Work order ▸
Each record must be copied in full and unchanged; any image it holds is excluded.
== Source data
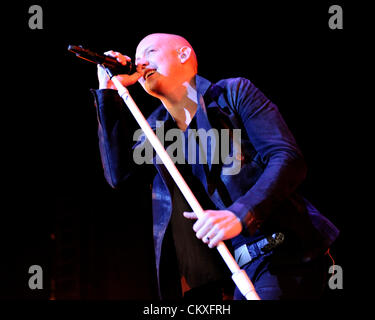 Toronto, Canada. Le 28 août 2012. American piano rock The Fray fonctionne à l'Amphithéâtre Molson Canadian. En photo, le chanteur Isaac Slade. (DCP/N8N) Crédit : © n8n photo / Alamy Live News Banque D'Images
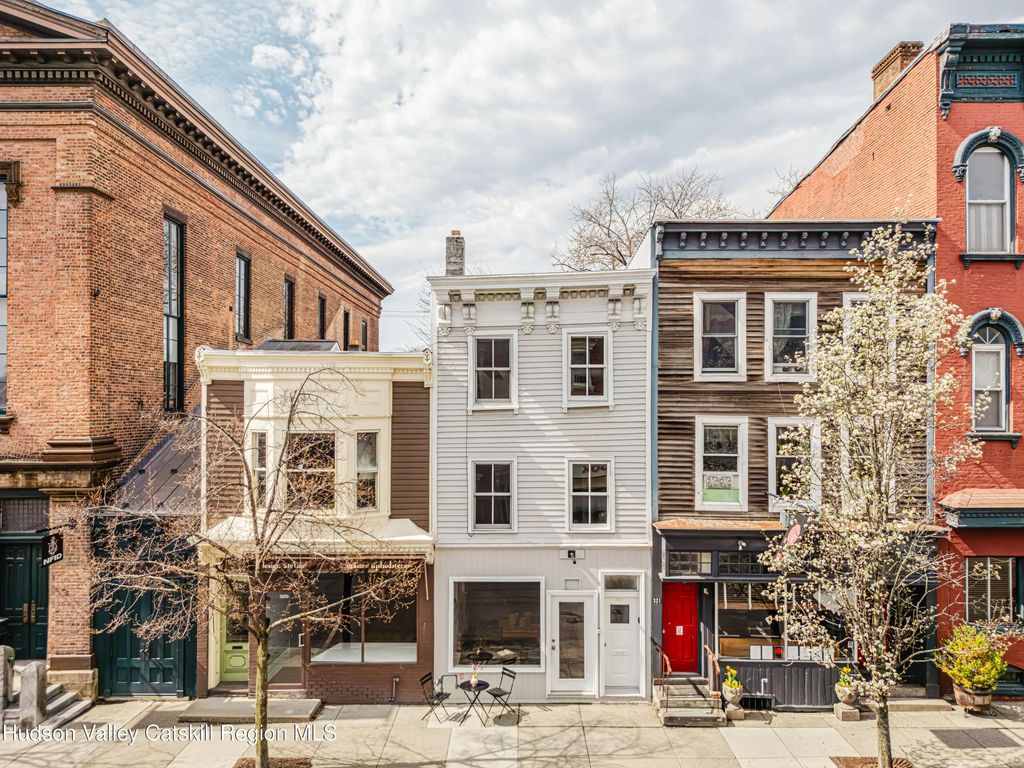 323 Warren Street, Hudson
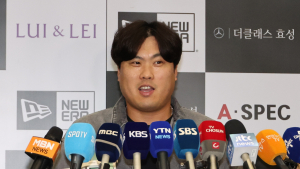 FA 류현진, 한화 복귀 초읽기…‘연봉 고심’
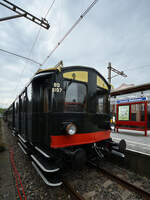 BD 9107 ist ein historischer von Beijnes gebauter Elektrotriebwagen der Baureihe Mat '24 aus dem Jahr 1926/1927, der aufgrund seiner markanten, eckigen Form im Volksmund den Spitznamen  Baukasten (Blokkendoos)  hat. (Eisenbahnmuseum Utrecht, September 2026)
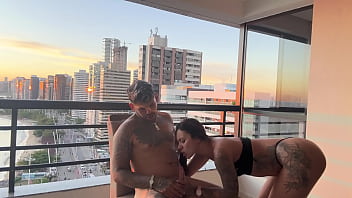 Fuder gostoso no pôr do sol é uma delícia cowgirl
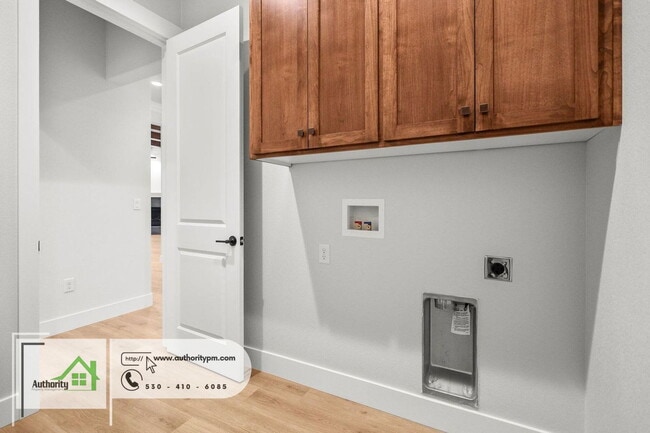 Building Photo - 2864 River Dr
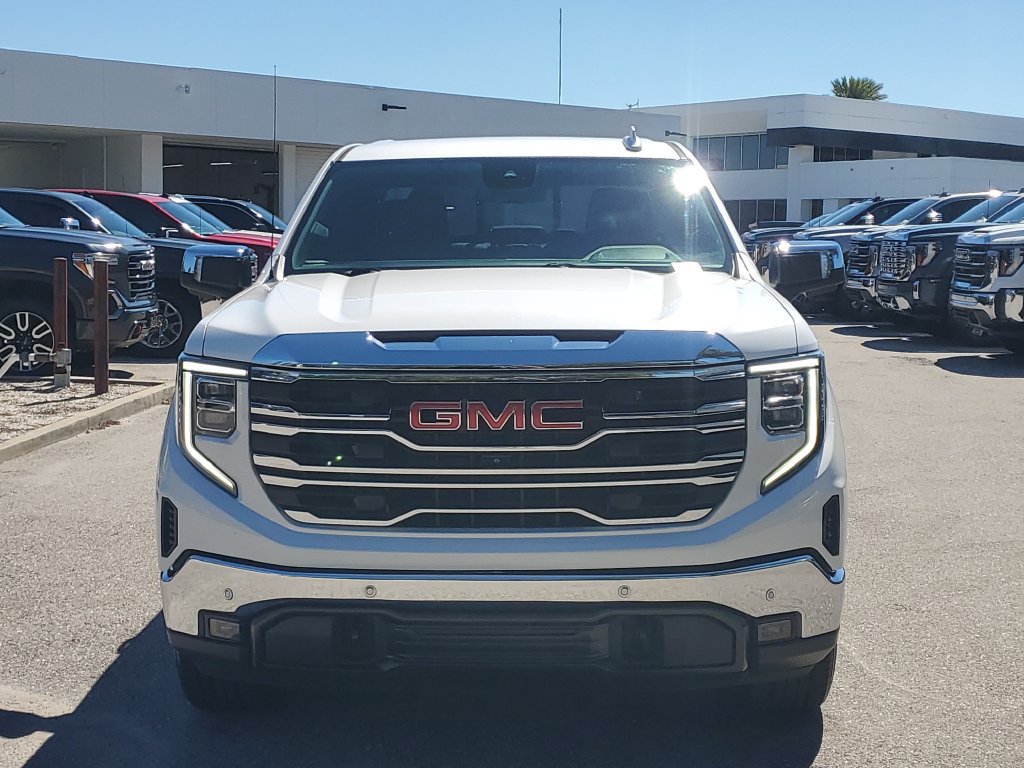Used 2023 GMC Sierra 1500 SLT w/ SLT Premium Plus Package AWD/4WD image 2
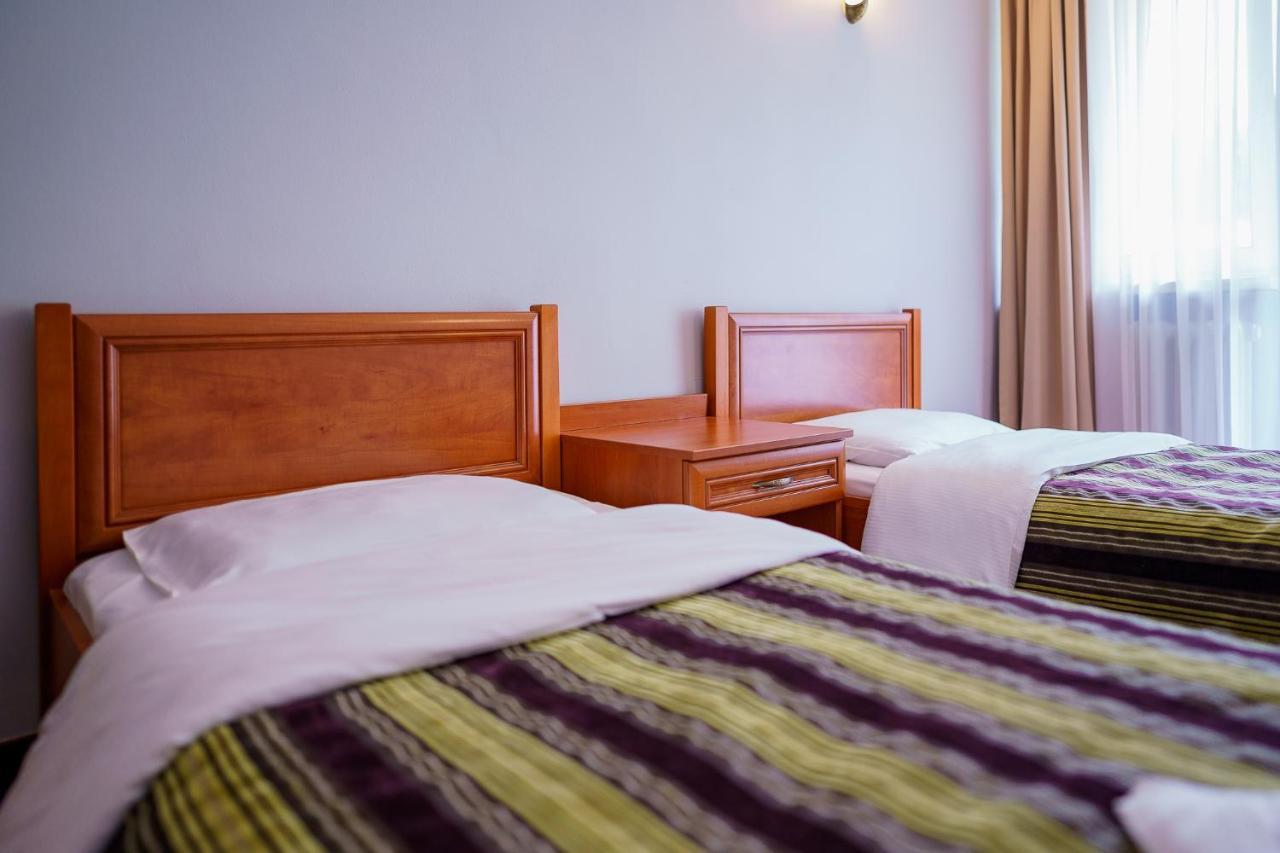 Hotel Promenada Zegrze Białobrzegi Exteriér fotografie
====
Output ▸
 Toronto, Canada. Le 28 août 2012. American piano rock The Fray fonctionne à l'Amphithéâtre Molson Canadian. En photo, le chanteur Isaac Slade. (DCP/N8N) Crédit : © n8n photo / Alamy Live News Banque D'Images
 323 Warren Street, Hudson
 FA 류현진, 한화 복귀 초읽기…‘연봉 고심’
 BD 9107 ist ein historischer von Beijnes gebauter Elektrotriebwagen der Baureihe Mat '24 aus dem Jahr 1926/1927, der aufgrund seiner markanten, eckigen Form im Volksmund den Spitznamen  Baukasten (Blokkendoos)  hat. (Eisenbahnmuseum Utrecht, September 2026)
 Fuder gostoso no pôr do sol é uma delícia cowgirl
 Building Photo - 2864 River Dr
Used 2023 GMC Sierra 1500 SLT w/ SLT Premium Plus Package AWD/4WD image 2
 Hotel Promenada Zegrze Białobrzegi Exteriér fotografie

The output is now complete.